I immediately bought five times my current position at market price, using nearly 2x leverage—effectively making my position size equal to twice my portfolio value. Looking at the dollar amount on the trading app, I felt nauseous—literally sick to my stomach. If I’d eaten breakfast, I would’ve thrown up. I’d never invested so much in a single altcoin, let alone a memecoin. Yet internally, I was completely calm—because I knew this was the right decision.

About an hour after the Robinhood news, Coinbase also announced $PEPE listing, pushing the price past ATH. Later that day, Upbit listed $PEPE, driving the price to $0.0000255. I couldn’t even look at the trading app—the P&L swings were too extreme. At peak, I made roughly 100% in under 12 hours. It was, without question, a wild day. I didn’t exit at the top, but still locked in substantial gains—more than my profits from the previous few months combined—highlighting the immense value of adjusting position size during asymmetric opportunities.
These are stories of oversized positions that worked out—but it would be criminal not to discuss the other side. For every success story of a concentrated bet, there are countless others who went all-in and blew up. That’s exactly why successful investing is so hard: balancing conviction in your thesis with respect for the market isn’t easy.
Sometimes you go all-in confidently, only to lose for several days straight, so you decide to cut losses and exit. Then magically, as if the market gods were watching your position, the moment you exit, the price reverses and moves exactly according to your original thesis. Other times, you hold on, wake up a week later, and find your portfolio down 50%. There’s no denying it—this is a skill difficult to master.

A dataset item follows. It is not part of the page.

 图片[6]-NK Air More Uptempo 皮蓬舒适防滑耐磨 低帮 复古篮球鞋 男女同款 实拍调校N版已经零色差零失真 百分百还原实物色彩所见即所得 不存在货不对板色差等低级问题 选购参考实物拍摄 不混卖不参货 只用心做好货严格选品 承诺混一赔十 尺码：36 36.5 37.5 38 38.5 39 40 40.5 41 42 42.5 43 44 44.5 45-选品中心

I’ve personally had many failed oversized bets, but one thing has kept me alive: extremely strict risk management. If the price doesn’t move according to my thesis and losses persist, I exit. No matter how strong my belief, the market is always right.

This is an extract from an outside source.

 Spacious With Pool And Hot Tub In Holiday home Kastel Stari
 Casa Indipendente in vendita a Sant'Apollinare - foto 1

Never cling to a losing trade—better ones are just around the corner. There will always be plenty of opportunities worth going big on. But if I lose a large chunk of my portfolio, I won’t have enough firepower to capitalize on the best ideas.

Avoid catastrophic losses at all costs—this is truly the most important principle in any risk-based game. What constitutes a “catastrophic loss” is relative. In the early days, when building a smaller portfolio, I had to take bigger risks. I could easily allocate 10–15% of my portfolio to a high-conviction trade because that’s the nature of the markets I operated in. On-chain assets were extremely illiquid and volatile, so I had to accept larger drawdowns for my thesis to play out. As my portfolio grew and the markets I entered became slightly more liquid, I could no longer afford such large risks. Knowing your personal risk tolerance is critical—so every time you enter a trade, you clearly understand how much you can afford to lose. I’ve seen many brilliant, astonishing traders get wiped out by a single unrecoverable blow and forced to leave the game.

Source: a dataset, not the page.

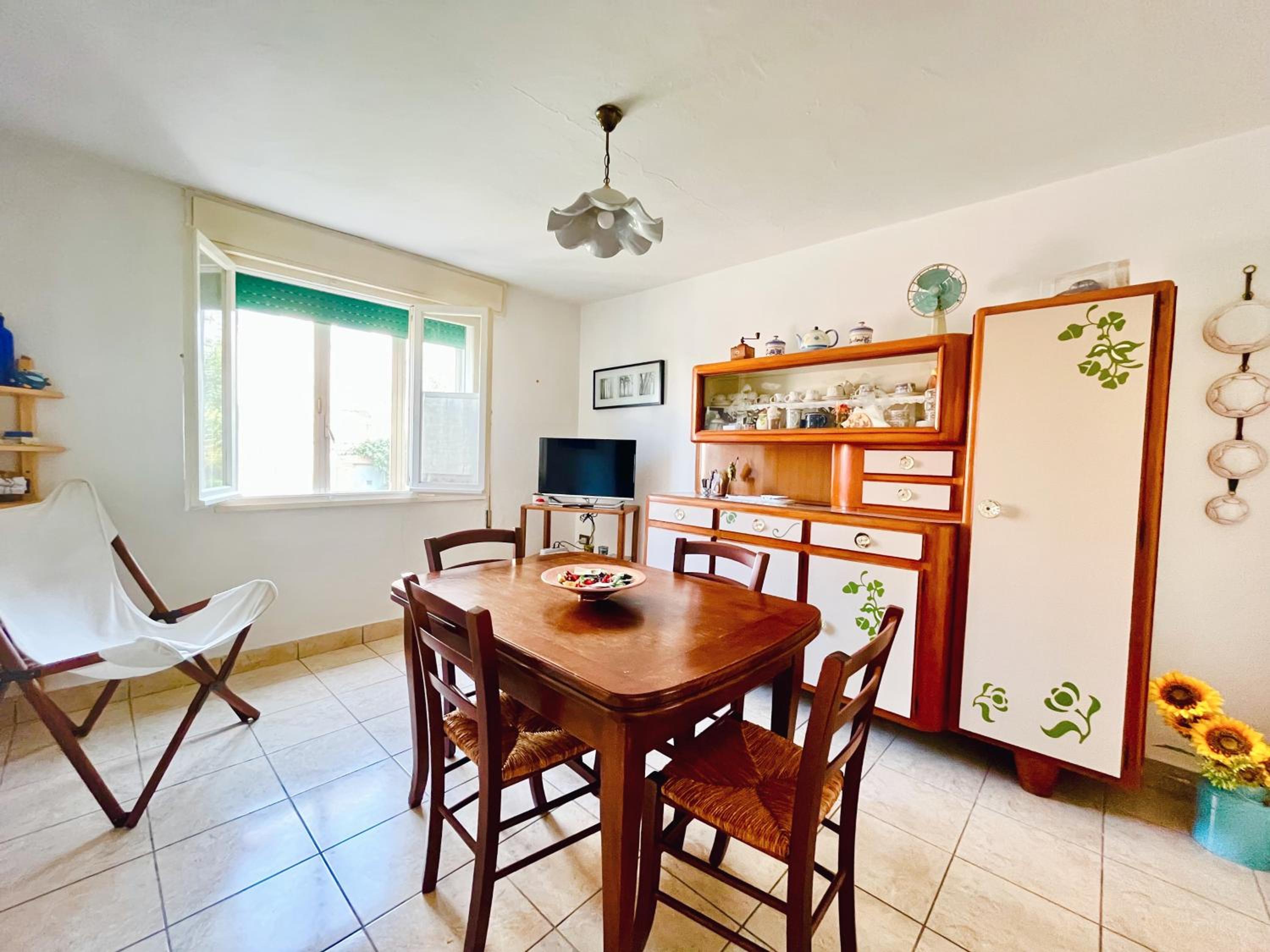 Two-Bedroom House - Photo 4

This is why one of my favorite strategies is breakout trading. I love breakouts because they offer defined risk—one where the trade either works or fails quickly. For example, my timing on the $PEPE trade came when the price struggled near the top, failed to break through, or briefly broke ATH then pulled back below. In both cases, I had clear exit points, making it rational to build a large position at that level.
Looking back on my trading journey so far, every meaningful growth in my portfolio has come from “all-in” returns. Each year, only a few trades generate most of the profits. Beyond that, it’s truly a survival game. You must stay sharp enough to identify those rare high-upside opportunities, yet disciplined enough to avoid losing everything on low-conviction ideas or doubling down on losing positions.
In the next phase of my journey, one major area I’m focusing on improving is holding power. I’m good at going big, but terrible at holding through large unrealized gains. It’s my internal risk management instinct acting up—but if I could apply my thesis more consistently instead of over-trading, I’d go much further.